The values of the elements in the association hypergraph are the similarity measurements between the corresponding elements. For similarity among the vertices, we used a compound (metabolites) similarity score for which numerous metrics are available^40,41. Specifically, we selected the similarity score calculated by ChemMine tools, which have an R interface to recognize the CID number of the compounds⁴². When a similarity score is missing for a compound pair, the value is set as an average of all compound pairs (please see Supplementary Data 3). For similarity between hyperedges, the specific values can be determined using hierarchical taxonomy or sequence similarity^33,34,43,44. We used hierarchical taxonomy in this study. Briefly, we firstly determine the lowest class in the hierarchy shared by the EC number of the two enzymes. For example, considering Enzyme (1.1.1.1) and Enzyme (1.1.1.2), the lowest class is (1.1.1.-). Then, we calculate the similarity score as the inverse of the numbers of all enzymes belonging to this class.

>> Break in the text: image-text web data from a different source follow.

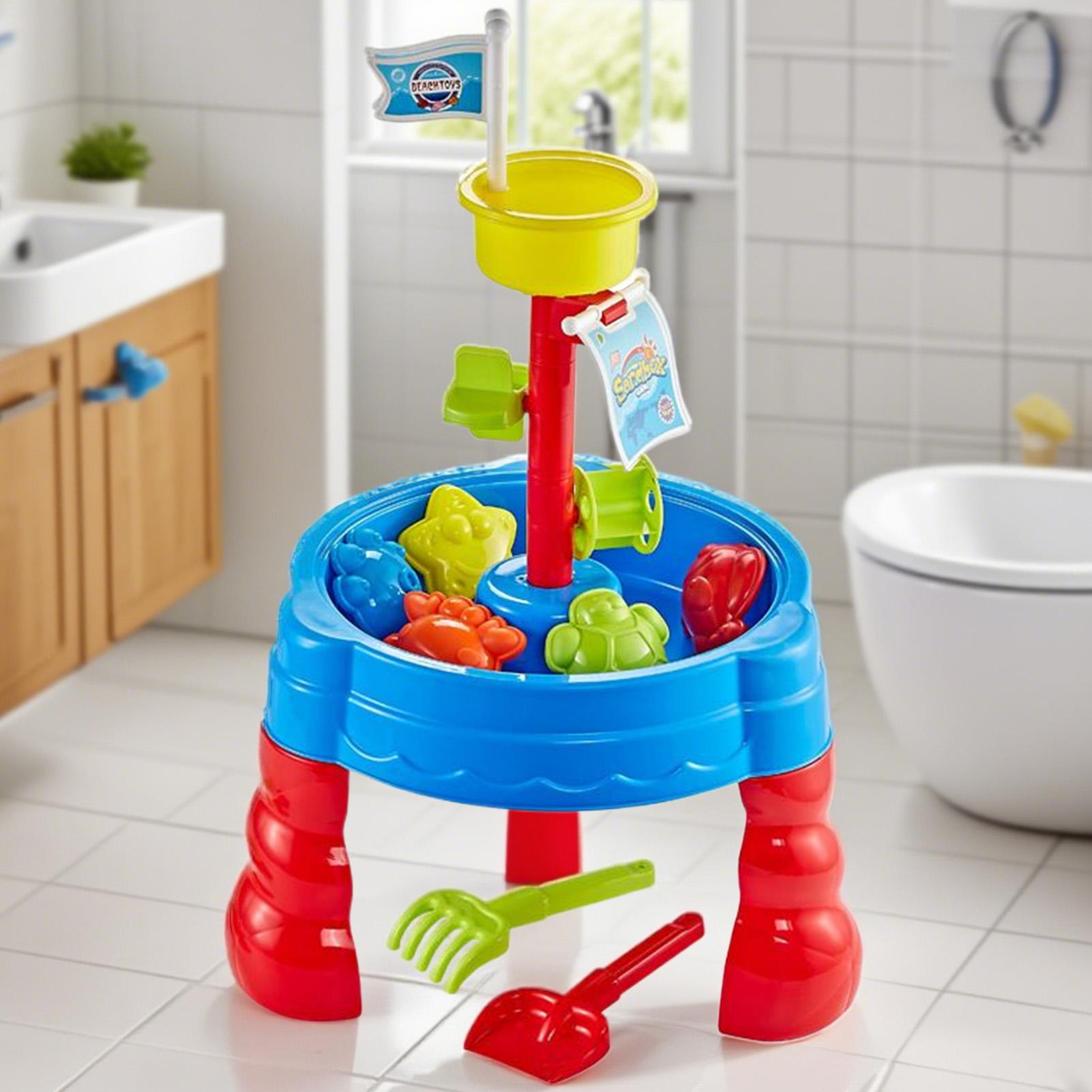 砂と水のテーブル、水遊びテーブル、屋外玩具アクティビティセン - Kids Outdoor Water Play Table のレビューと価格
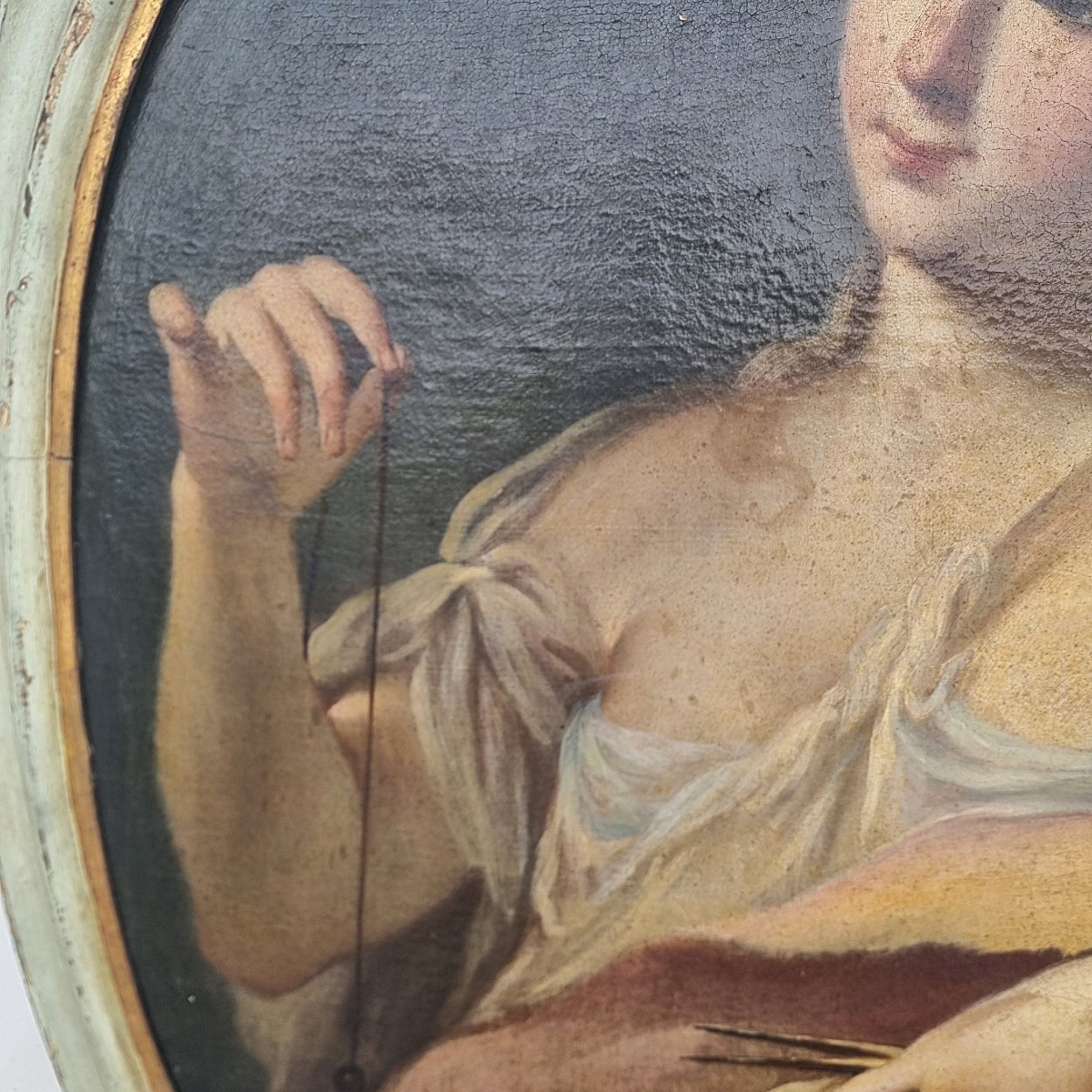 4 dipinti su tela Allegoria Arti e Mestieri Lorenzo Pasinelli 1629-1700-photo-1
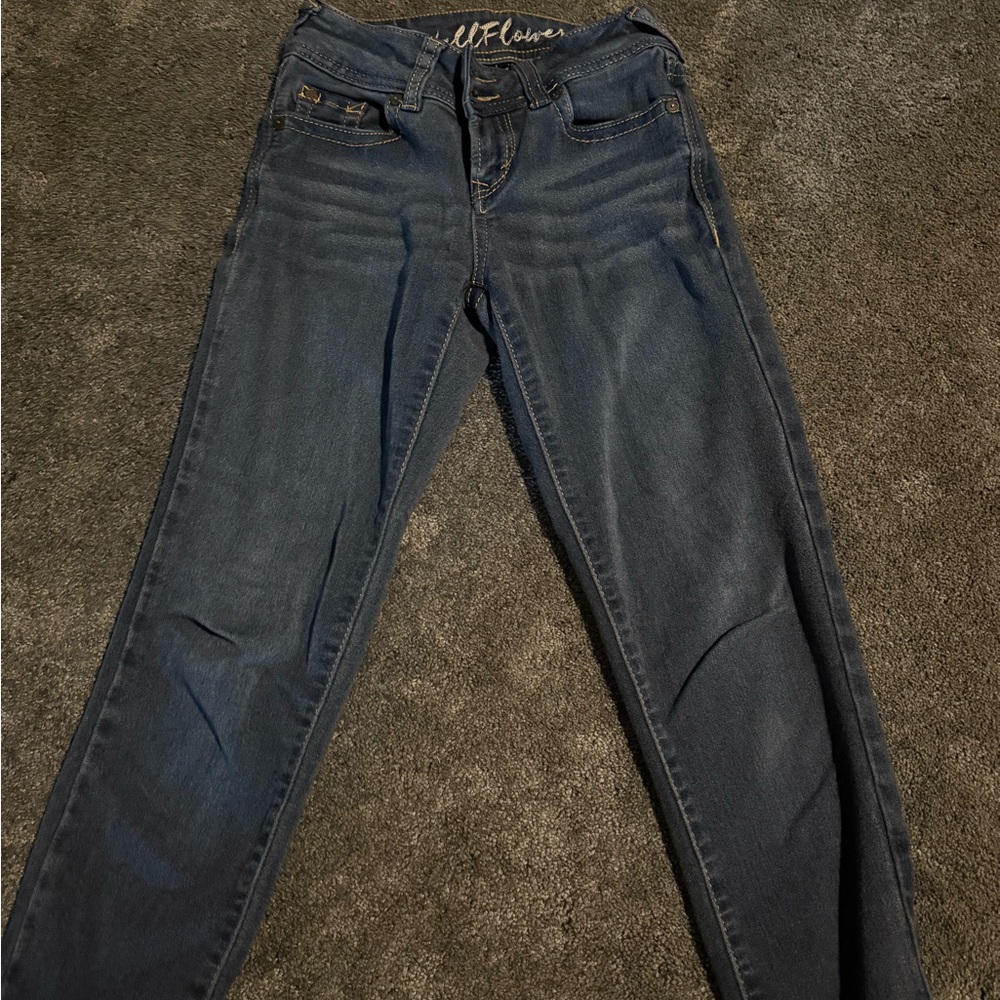 Wallflower Dark Blue Skinny Jeans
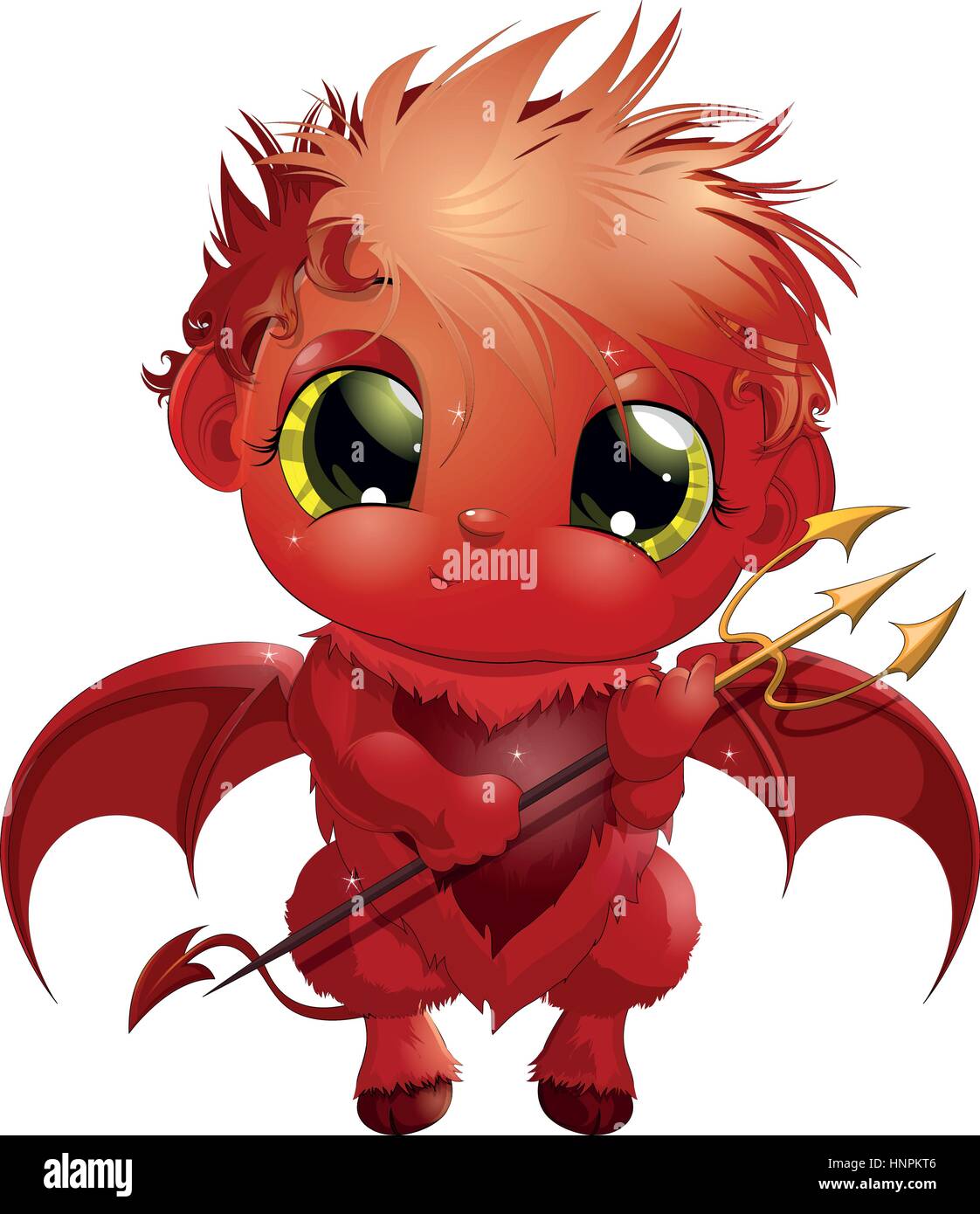 Cartoon bad little devil cartoon hi-res stock photography and images - Alamy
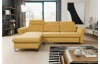 Rohová sedací souprava Star, kurkumově žlutá látka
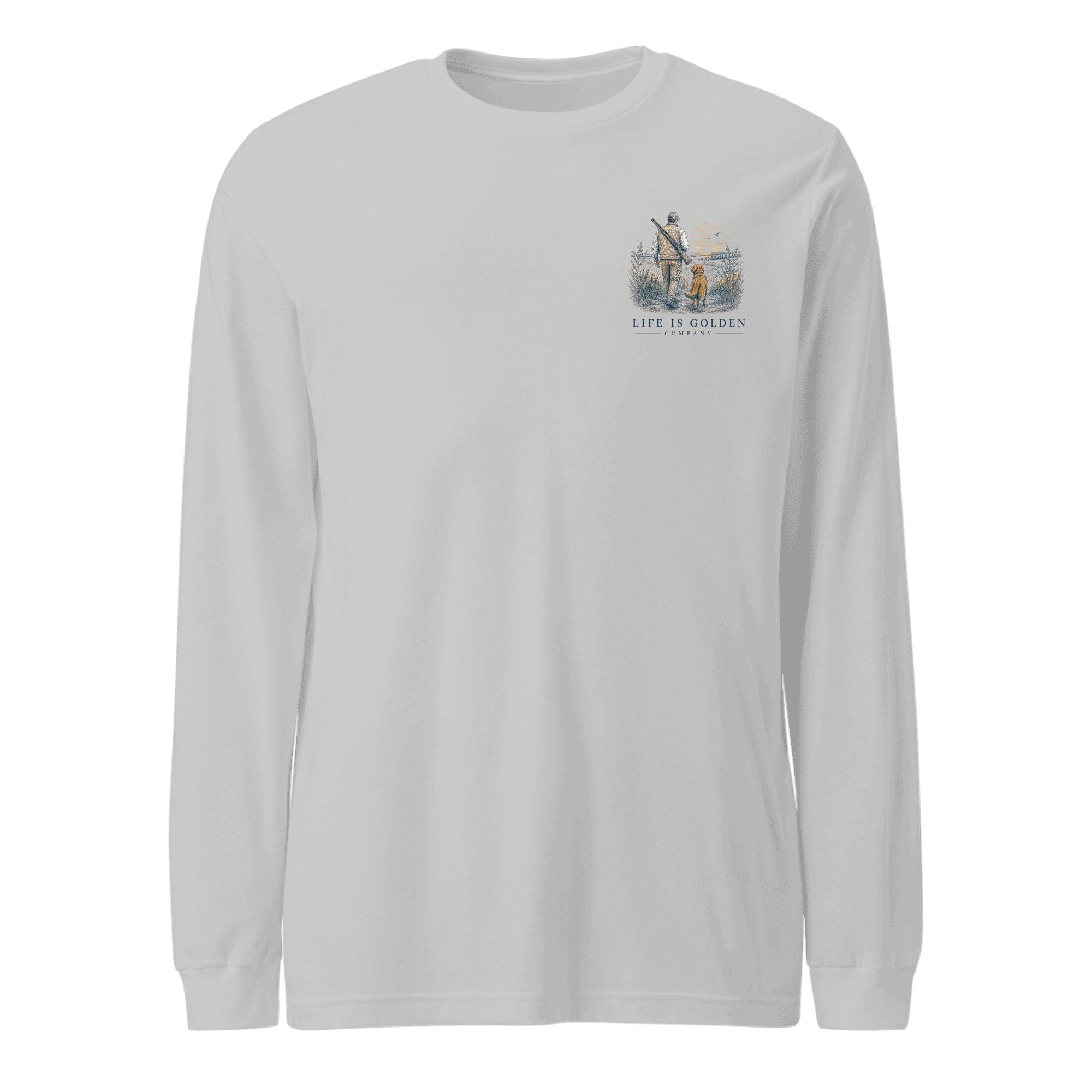 The First Light Long-Sleeve — Athletic Heather (front)
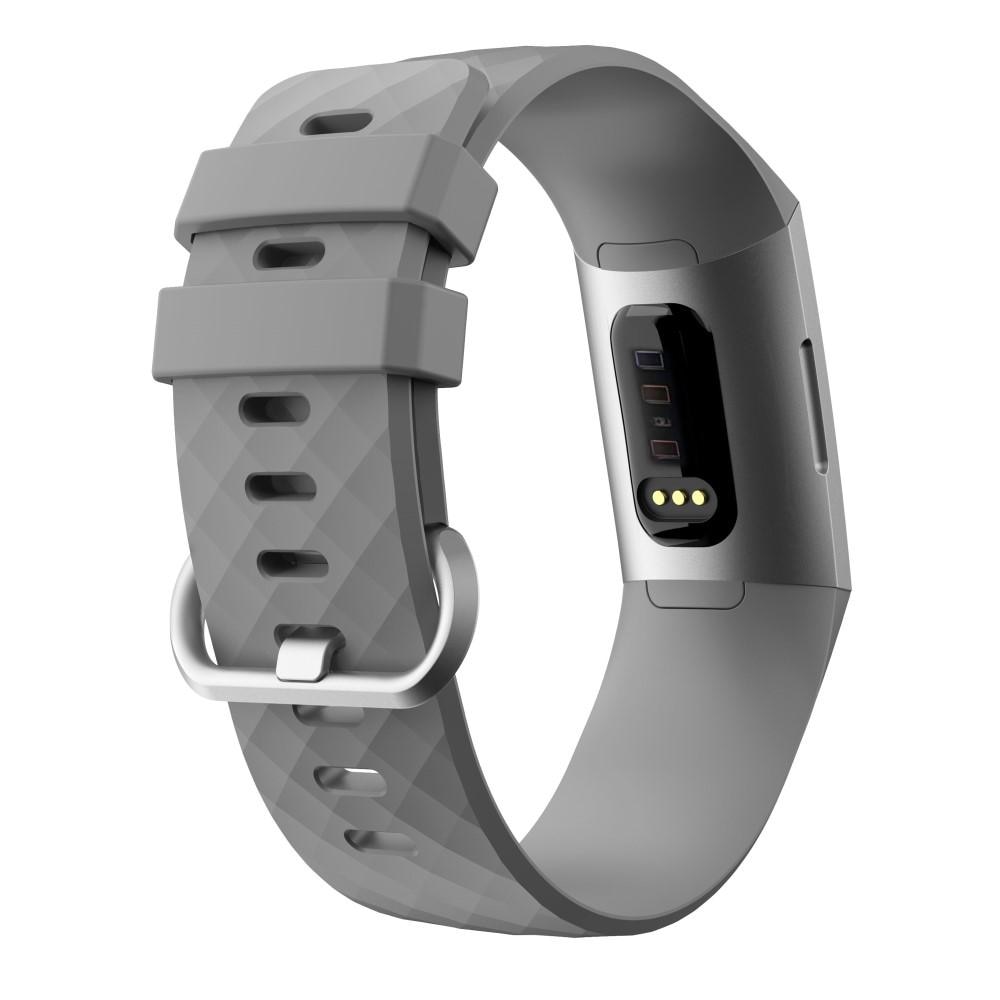 Fitbit Charge 3/4 Armband aus Silikon, grau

We introduce the parameter λ ranging from 0 to 1 to balance the weights between the vertices and hyperedges³⁴. The hyperedge similarity was multiplied by a factor of (1 − λ), whereas that of the hypervertex was λ. This parameter will directly affect the direction.

Formalization of hypergraph matching

The alignment of two metabolic hypergraphs can be represented using the matrix X {x_i = 0, 1 | x_i ∈ X}⁴⁴. The dimension of X is n^a * n^b, which represents the vertices in the two hypergraphs. After the transformation of this matrix, we obtain a binary vector X. The elements of X are arranged in accordance with the sequence of the vertices of the two networks ${x}_{{a}_{i}{b}_{j}}=1$ represents the matching between the ith vertex of G^a and the jth vertex of G^b. ${x}_{{a}_{i}{b}_{j}}=0$ represents no matching between the ith vertex of G^a and the jth vertex of G^b. Then, the score of any alignment is a tensor product that can be represented by the following formula:

$$S(x)=H{\otimes }_{1}x{\otimes }_{2}x\,\cdots \,{\otimes }_{K}x$$

(2)

Thus, the hypergraph matching problem can be considered as a vector x^m that maximizes the tensor product under the above constraints, which is formalized as follows:

$$\begin{array}{c}{x}^{m}={\rm{\arg }}\,{\rm{\max }}\,S(x)\\ s.t.\,x\in {\{0,1\}}^{{n}^{a}{n}^{b}},\,\forall i\sum _{m=1}^{{n}^{a}}\,{x}_{{i}_{m}}\le 1,\,\forall m\sum _{i=1}^{{n}^{b}}\,{x}_{{i}_{m}}\le 1\end{array}$$

(3)

Algorithm solving hypergraph matching

Currently, the solutions to the hypergraph matching problem of Eq. (3) all seek the optimal values of the equation first and then discretize these values via a greedy algorithm^27,34,45. Despite relaxation, this problem remains a NP-hard problem, and we can only seek an optimal approximate solution in the actual calculation^27,31,45. These approaches seek the maximum Z-eigenvector and the eigenvalue of this tensor. Given that the tensor is supersymmetric, this approach is equivalent to identifying the best symmetric rank-1 approximation of a symmetric tensor^46,47, and the problem can then be solved using tensor power iterations based on spectral matching⁴⁸. Here, we used the shifted symmetric higher-order power method (SS-HOPM), which was introduced by Kolda et al.³⁰. Specifically, after the constraints of Eq. (3) are relaxed to 2-norm constraints, Eq. (4) can be obtained:

$$\begin{array}{c}{\rm{\max }}\,\gamma \\ s.t.\,H{\otimes }_{1}x{\otimes }_{2}x\,\cdots {\otimes }_{k-1}x={\rm{\gamma }}x,\,{x}^{T}x=1\end{array}$$

(4)

This algorithm sets an initial value that satisfies x^T x = 1 and then performs the following repeated iterative processes as Algorithm 1:

$${x^{\prime} }_{n+1}=H{\otimes }_{1}{x}_{n}{\otimes }_{2}{x}_{n}\,\cdots \,{\otimes }_{K-1}{x}_{n},\,{x}_{n+1}=\alpha {x}_{n}+(1-\alpha ){x^{\prime} }_{n+1}/{\Vert {x^{\prime} }_{n+1}\Vert }_{2}$$

(5)

where α is a shift parameter that affects the convergence speed and ranges from 0 to 1. This procedure converges to a stationary point, which is a good approximation of the global optimum.

Moreover, the stationary points obtained with this method depend on the initial value to a certain degree. The initial value is generated as the following:

$${x}_{0}=(1-\beta )\ast {x}_{r}+\beta \ast {x}_{u}$$

(6)

where x₀ is the initial point, x_r is a random vector and x_u is a uniform vector.

In addition, the iterative result of this step is a continuous value. Therefore, discretization must be performed to convert the result into a binary permutation matrix, and we used the Kuhn-Munkres method for the discretization⁴⁹.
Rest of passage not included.